## Task goal
Excluding pictures, what does the listing below contain from the line with "Eastman Womens Pink" up to and including the line with "LED лампа на", word for word?

## Recorded data
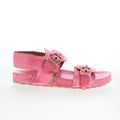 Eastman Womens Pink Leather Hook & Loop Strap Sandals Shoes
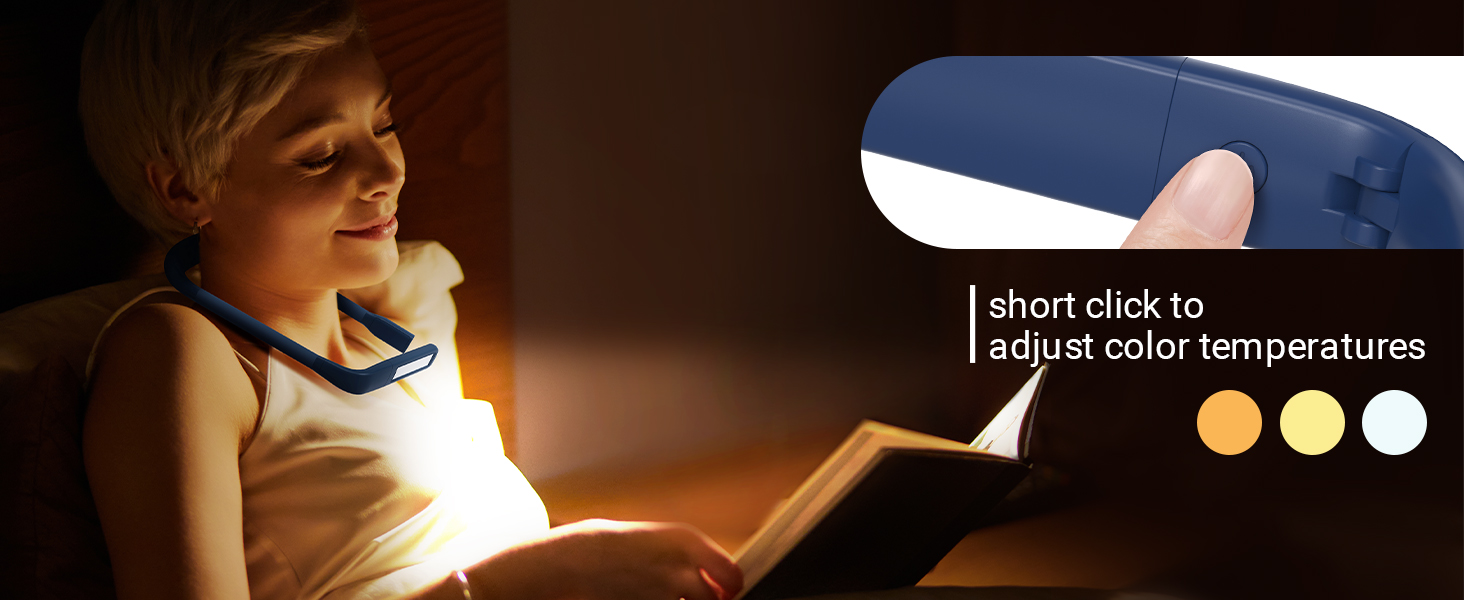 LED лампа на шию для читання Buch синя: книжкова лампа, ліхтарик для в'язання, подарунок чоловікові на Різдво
==
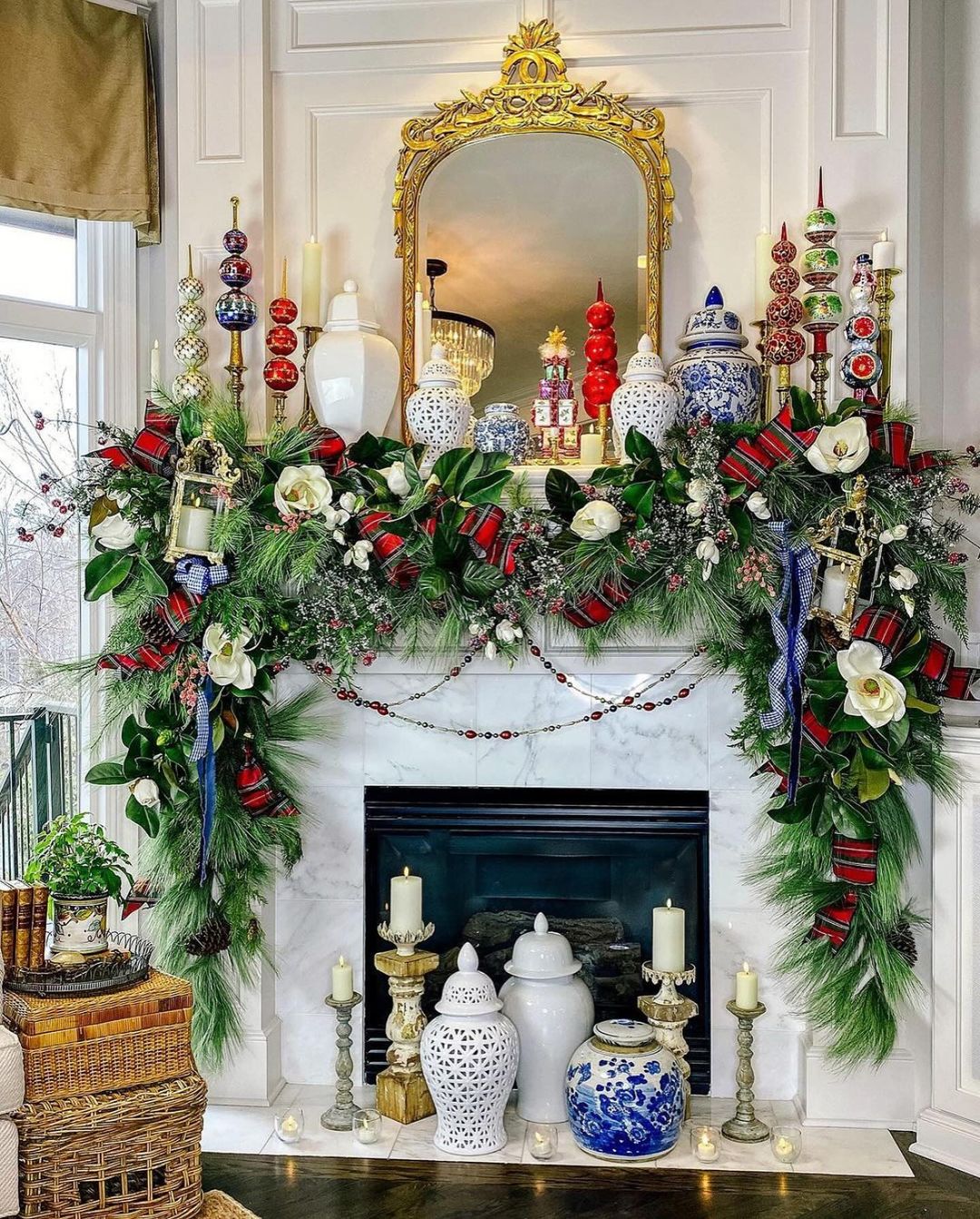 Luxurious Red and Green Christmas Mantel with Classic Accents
---
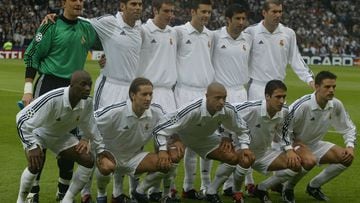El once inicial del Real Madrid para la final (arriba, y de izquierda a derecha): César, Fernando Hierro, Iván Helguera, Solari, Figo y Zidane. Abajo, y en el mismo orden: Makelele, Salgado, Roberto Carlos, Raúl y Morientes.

## Output below
 Eastman Womens Pink Leather Hook & Loop Strap Sandals Shoes
 LED лампа на шию для читання Buch синя: книжкова лампа, ліхтарик для в'язання, подарунок чоловікові на Різдво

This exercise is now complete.